The controversial Vosloorus CAS 375/1/2019 docket, which was opened five years after the murder of former Orlando Pirates goalkeeper, Senzo Meyiwa, may contain statements that were obtained through torture of those who gave them.

State witness, Mthokozisi Thwala, has told the North Gauteng High Court in Pretoria that in January 2019, the month the docket was opened, he was suddenly picked up by two police officers at his Umlazi home in Durban under the pretext that he was going to attend an identification parade. He says it would later turn out the real reason he was picked up was to torture him to admit having been the one who had killed Meyiwa on the night of 26 October 2014.

“From 2014 until 13 January 2019, police would call me at least two days before but this time around they didn’t. I told them this was the first time that they had just arrived. They told me that these people had just been arrested and needed to be identified,” says Thwala.

He says he was under the impression that the parade would be in Pietermaritzburg but he was told it would held in Johannesburg. I asked if we could not leave the following day.

They said I had made an oath that I would always be available. I asked them to wait for my mother who then arrived and they explained to her,” says Thwala.

He says he was driven all the way to Gauteng where he was taken to the office of the Investigating Officer of the second docket, Lieutenant-Colonel Joyce Buthelezi in Pretoria where he was tortured throughout the night.

Proceedings had to be paused for a moment when teary-eyed Thwala started sobbing and had been given sometime to gather himself again when he started recalling the torture.

He says while he was waiting in what looked like Buthelezi’s office, two arrived and took away his phone, “and then they asked me, why did you kill Senzo?’ In 2020, Muzi Sibiya, Bongani Sandiso Ntanzi, Mthobisi Prince Mncube, Mthokoziseni Ziphozonnke Maphisa, and Fisokuhle Ntuli were charged with Meyiwa’s murder, attempted murder of other witnesses, robbery with aggravating circumstances, unlawful possession of a firearm and possession of ammunition. They have pleaded not guilty to the charges.

It is the state’s case that on the night of 26 October 2014, two intruders allegedly stormed into Kelly Khumalo’s mother, Gladness’ house in Vosloorus where Meyiwa, Madlala, Gladness, Kelly, Zandi Khumalo, Longwe Twala, and Mthokozisi Thwala were sitting in the lounge watching TV.

The alleged first intruder, who was short, had a hat on, had dreadlocks, and armed with a gun, is said to have demanded cellphones and money.
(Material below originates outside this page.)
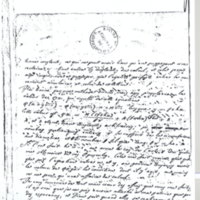 Lettre de Lagrange à D'Alembert, 13 novembre 1764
This was moments before he was pushed over by Longwe Twala as he (Longwe) ran out of the house just before a commotion ensued in the house in the presence of the second alleged intruder, before a shot that killed Meyiwa went off.

Thwala has so far corroborated this version of events.

Thwala says even after the torture he was asked to make a statement saying that he was not in the house the night Meyiwa was shot. In his evidence in court, he was in the house when the shot was fired and it was after that, that he ran out of the house, jumped over the gates of the house next door, before he jumped the wall back into Kelly’s home to find Meyiwa lying with a bullet would to the chest.

He says he was asked to send through this statement via WhatsApp which he did, but wrote it his way and not as instructed by Lt-Colonel Buthelezi.